Do I Regret Selling Stocks Worth $700,000?

Jason’s dad was restoring a 1957 Corvette.

It took him years, but by the time he finished it, Jason was able to take the car to his high school graduation.

Less than a year later, Jason’s dad sold the car.  I never understood that.  How could he sell something that he spent so much time building?

It wasn’t about the money.  As he explained to me at the time, the fun was in building it, not in possessing it.

I can’t claim to be that handy.  Last night, a bulb in our bathroom went out and I crushed it while trying to remove it.  By the time I grabbed a broom, my wife had taken out the bulb’s broken remnants, and replaced it with a new one.

I’m not useful around the house.

But I did handily stockpile $700,000 in individual stocks.   I also had an international stock index and a bond index, creating a total account value well into seven figures.  But the stocks….they were lovingly added over years of painstaking research.  And they were worth—alone—about $700,000.

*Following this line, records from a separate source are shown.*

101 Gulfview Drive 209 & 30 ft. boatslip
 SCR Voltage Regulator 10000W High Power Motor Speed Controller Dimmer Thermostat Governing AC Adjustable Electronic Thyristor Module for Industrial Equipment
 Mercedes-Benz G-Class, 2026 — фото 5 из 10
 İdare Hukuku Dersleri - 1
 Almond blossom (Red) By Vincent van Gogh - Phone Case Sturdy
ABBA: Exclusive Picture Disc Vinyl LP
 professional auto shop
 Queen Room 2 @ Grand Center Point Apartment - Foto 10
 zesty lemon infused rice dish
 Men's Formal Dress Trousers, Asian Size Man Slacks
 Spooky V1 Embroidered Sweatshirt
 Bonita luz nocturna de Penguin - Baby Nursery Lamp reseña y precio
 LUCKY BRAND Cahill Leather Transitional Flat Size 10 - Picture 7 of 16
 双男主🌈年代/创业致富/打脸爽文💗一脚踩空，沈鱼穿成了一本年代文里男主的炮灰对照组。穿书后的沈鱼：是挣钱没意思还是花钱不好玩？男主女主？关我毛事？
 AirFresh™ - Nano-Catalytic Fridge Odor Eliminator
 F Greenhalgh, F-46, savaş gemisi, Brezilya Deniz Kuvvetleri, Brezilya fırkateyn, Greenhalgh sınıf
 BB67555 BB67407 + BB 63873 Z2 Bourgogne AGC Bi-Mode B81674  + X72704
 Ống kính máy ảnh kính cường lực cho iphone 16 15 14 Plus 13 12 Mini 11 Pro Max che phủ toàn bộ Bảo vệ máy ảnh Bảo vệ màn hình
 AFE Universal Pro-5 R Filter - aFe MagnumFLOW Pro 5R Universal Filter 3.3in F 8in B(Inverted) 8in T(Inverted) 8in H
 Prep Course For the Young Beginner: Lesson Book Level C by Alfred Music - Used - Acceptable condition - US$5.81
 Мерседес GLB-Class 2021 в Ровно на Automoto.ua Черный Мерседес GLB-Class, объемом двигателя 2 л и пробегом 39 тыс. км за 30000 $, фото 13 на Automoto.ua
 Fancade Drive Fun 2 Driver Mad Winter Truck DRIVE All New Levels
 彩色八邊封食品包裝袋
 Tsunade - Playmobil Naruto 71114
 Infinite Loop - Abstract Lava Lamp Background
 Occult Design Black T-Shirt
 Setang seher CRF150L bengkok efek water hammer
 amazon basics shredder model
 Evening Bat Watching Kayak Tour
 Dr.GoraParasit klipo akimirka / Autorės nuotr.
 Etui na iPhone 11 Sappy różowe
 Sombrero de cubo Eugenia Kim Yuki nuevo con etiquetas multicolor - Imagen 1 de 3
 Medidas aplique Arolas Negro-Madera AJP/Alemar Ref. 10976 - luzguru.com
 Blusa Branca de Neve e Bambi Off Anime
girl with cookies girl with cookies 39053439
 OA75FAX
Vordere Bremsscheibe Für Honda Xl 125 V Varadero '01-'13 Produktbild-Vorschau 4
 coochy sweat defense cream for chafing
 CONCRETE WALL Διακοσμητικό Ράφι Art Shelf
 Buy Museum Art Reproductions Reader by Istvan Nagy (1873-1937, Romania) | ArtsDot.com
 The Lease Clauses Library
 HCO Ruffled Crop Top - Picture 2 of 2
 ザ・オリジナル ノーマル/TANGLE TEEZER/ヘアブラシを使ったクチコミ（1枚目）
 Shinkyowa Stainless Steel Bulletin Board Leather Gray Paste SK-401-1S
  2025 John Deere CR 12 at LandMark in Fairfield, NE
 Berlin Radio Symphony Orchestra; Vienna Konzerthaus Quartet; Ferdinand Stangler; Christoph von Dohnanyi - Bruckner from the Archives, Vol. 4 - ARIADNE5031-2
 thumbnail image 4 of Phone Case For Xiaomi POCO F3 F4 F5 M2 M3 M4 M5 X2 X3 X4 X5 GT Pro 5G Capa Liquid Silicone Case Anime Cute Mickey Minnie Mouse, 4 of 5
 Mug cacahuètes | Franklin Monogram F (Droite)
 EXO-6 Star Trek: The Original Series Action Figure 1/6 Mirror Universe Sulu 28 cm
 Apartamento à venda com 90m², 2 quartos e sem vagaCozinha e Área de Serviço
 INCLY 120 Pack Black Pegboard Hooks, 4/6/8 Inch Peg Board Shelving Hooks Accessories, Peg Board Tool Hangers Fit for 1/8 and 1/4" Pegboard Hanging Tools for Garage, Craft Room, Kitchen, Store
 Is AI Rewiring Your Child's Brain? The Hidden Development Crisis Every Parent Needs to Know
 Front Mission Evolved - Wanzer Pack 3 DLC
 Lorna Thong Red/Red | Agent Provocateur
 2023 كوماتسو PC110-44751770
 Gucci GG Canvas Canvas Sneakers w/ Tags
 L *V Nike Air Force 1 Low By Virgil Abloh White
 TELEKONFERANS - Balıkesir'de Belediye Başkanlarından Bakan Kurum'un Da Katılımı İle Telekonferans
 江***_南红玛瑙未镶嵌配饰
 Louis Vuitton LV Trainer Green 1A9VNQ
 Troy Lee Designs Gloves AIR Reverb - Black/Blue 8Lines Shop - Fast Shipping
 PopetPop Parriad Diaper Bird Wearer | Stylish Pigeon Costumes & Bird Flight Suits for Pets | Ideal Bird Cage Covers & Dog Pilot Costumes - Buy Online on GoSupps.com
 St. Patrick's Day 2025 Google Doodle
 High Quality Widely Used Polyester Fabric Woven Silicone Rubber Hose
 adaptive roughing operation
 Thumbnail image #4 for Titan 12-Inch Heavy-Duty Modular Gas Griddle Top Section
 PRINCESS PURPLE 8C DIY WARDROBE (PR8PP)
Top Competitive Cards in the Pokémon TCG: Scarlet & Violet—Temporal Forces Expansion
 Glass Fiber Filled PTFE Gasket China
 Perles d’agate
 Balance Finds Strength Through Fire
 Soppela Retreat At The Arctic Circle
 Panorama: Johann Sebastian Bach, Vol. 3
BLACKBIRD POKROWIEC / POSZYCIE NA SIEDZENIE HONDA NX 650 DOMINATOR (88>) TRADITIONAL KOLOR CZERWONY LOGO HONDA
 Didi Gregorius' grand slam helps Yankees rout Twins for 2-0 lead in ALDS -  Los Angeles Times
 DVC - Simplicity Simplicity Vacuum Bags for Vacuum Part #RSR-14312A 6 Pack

That said, on January 20th, 2011, I sold every single one of them.

No, I wasn’t trying to time the market, expecting it to drop.  I just came to the conclusion that over the long term, my stocks would likely lose to a bunch of indexes.

Pride told me to keep the stocks.  But my head told me to sell them, in favor of a total stock market index.

I had to be honest with myself.

If my individual stocks lost to the market index by just 1% per year over 20 years, I would be giving away nearly $400,000 to my pride.  That’s the compounding difference that $700,000 would have over 20 years, adding (or subtracting) a single percentage of interest per year.  You may be suggesting that I could beat the market by 1% per year, and have a $400,000 bonus.  But think about the odds of that?  I did.  And the odds aren’t great.

I vacillated over the stock selling decision for years.  And when I finally decided to go for it, I had to do it quickly.  Some of my fellow finance bloggers suggested that I was impulsive, while others commended the move.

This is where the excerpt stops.